Le glas a sonné pour Julien Gracq Les plus haut placés exécutent sobrement et efficacement leur nécessaire message officiel pour satisfaire les conventions. Les autres parlent d’un homme d’exception en soulignant quelques trivialités de circonstance pour saluer la disparition d’un de leur pair. Quant aux médias, ils exhument la nécro, prête depuis que l’écrivain avait atteint l’âge canonique qui vous fait passer de la catégorie des personnalités à celle, encore plus cynique et morbide, des errants de l’entre-deux, qu’il faut récompenser pour “l’ensemble de leur carrière”, avant qu’il ne soit trop tard. Longues énumérations, sans âme, funestes inventaires dont on ne retient que des dates, des titres, sans saveur ni odeur, pour alimenter les bibliothèques et les anthologies, et qui rappellent “les livres tristes, innombrables, sur leur tranche de craie pâle” dénigrés par Saint John Perse “Sécheresse et supercherie d’autels”… Nul ne sait si Louis Poirier a souffert à l’approche de la mort, mais il ne fait aucun doute que Julien Gracq – l’identité de l’écrivain, et par nature immortelle – doit avoir les oreilles qui saignent d’entendre ainsi prostituée l’oeuvre qu’il a composée.

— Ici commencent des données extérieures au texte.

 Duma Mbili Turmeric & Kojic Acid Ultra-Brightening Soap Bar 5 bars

Les cercles littéraires en horreur
Car Julien Gracq a toujours fui les cercles littéraires, et la médiatisation en général. Pour lui, la littérature n’avait rien à gagner à se travestir sur les petits écrans pour vendre encore et toujours plus. Aussi a-t-il toujours veillé à choisir ses rares confessions, préférant la plume pour s’exprimer, comme en 1985, quand il livre sa vision de la littérature dans son essai En lisant, en écrivant. Il a toujours fait fi des critiques acerbes des observateurs qui ont vu dans sa décision de ne pas publier ses écrits en édition de poche l’expression d’un élitisme suranné.

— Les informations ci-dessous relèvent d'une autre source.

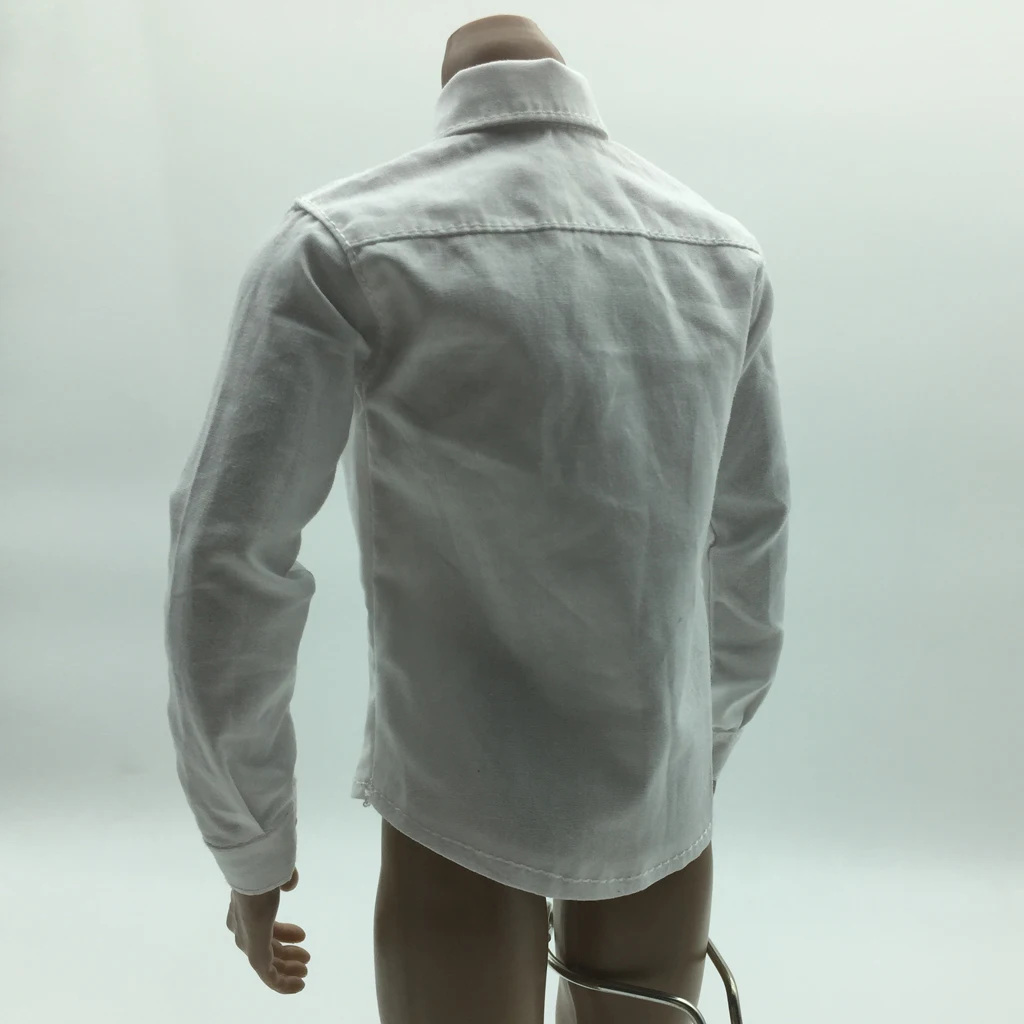 MALE OUTFIT WHITE SHIRT For 12INCH ACTION FIGURE BODY 1/6 Scale doll clothes accessories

Une relation charnelle avec le livre
La vérité est plus romantique. Pour Gracq le lecteur noue une relation intime avec le livre, presque charnelle, partageant avec lui une histoire qu’il peut achever à chaque moment. Chaque page lue est un moment d’extrême fragilité, l’essence même de la passion, instable mais intense. Et pour matérialiser cette proximité, cette relation, il a tenu en collaboration avec son éditeur Corti à ce que les feuillets ne soient pas massicotés, comme l’a uniformisé le marché, de sorte que le lecteur dût à chaque page découper lui-même à l’aide d’un coupe-papier. A l’ancienne, diront les insensibles. Selon la tradition, apprécieront les vrais amoureux des livres. Voilà pourquoi il abhorrait tant l’industrialisation du marché littéraire, le “bouquin” devenant un objet de consommation, sacrilège ultime. Le symbole de sa marginalisation du cercle littéraire reste ce spectaculaire refus du prix Goncourt en 1951, pour Le rivage des Syrtes, qui reste pour beaucoup son plus beau joyau. Seule coquetterie qu’il s’est permise : il a accepté de voir ses oeuvres publiées par la Pléiade, la collection qui consacre les plus grands, devenant un des sept privilégiés à recevoir cet honneur alors qu’il était encore en vie.
JULIEN GRACQ
ou le sentiment de la merveille
Extrait de texte paru dans Qui vive ? Autour de Julien Gracq, volume collectif publié aux éditions José Corti en 1989.
[…]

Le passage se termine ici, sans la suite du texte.